Bar plots and histograms

While these word clouds are good, they don’t provide the statistical precision and insights that charts do. If we create a chart to see which terms are most frequent, we can use the Counter class.

from collections import Counter

words = dataset_plain_text.lower().split()  
word_counts = Counter(words)

df = pd.DataFrame(word_counts.items(), columns=['Word', 'Frequency']).sort_values(by='Frequency', ascending=False).head(20)

plt.figure(figsize=(12, 6))
plt.bar(df['Word'],df['Frequency'], color=['green', 'yellow'])
plt.show()

If you try to make this chart without any filtering, it will show the correct bars for each term, but too many terms will end up mingling into each other. Hence, it's a better choice to check only the top 10 or 20 terms.
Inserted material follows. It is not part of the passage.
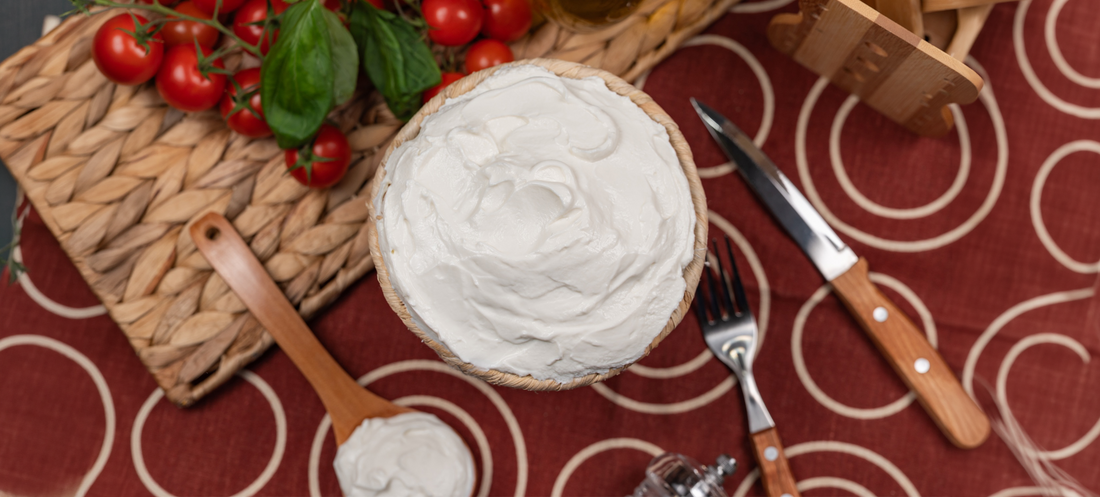 Cuor di Fuscella: la ricotta cremosa che riscopre la tradizione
As we can see, it's dominated by trivial terms like prepositions and articles (and no linguist would disagree there). To make it more meaningful, we can remove these trivial terms as we removed them for word clouds.

Get started with text analysis

Text analysis offers an accessible path into data science, requiring minimal computing power compared to image or video processing. With Python's rich ecosystem of libraries, you can quickly move from basic word counting to sophisticated natural language processing. The abundance of text data from social media, books, and websites lets you practice with real-world examples, starting with basic pattern recognition before exploring advanced techniques and larger datasets as your skills grow.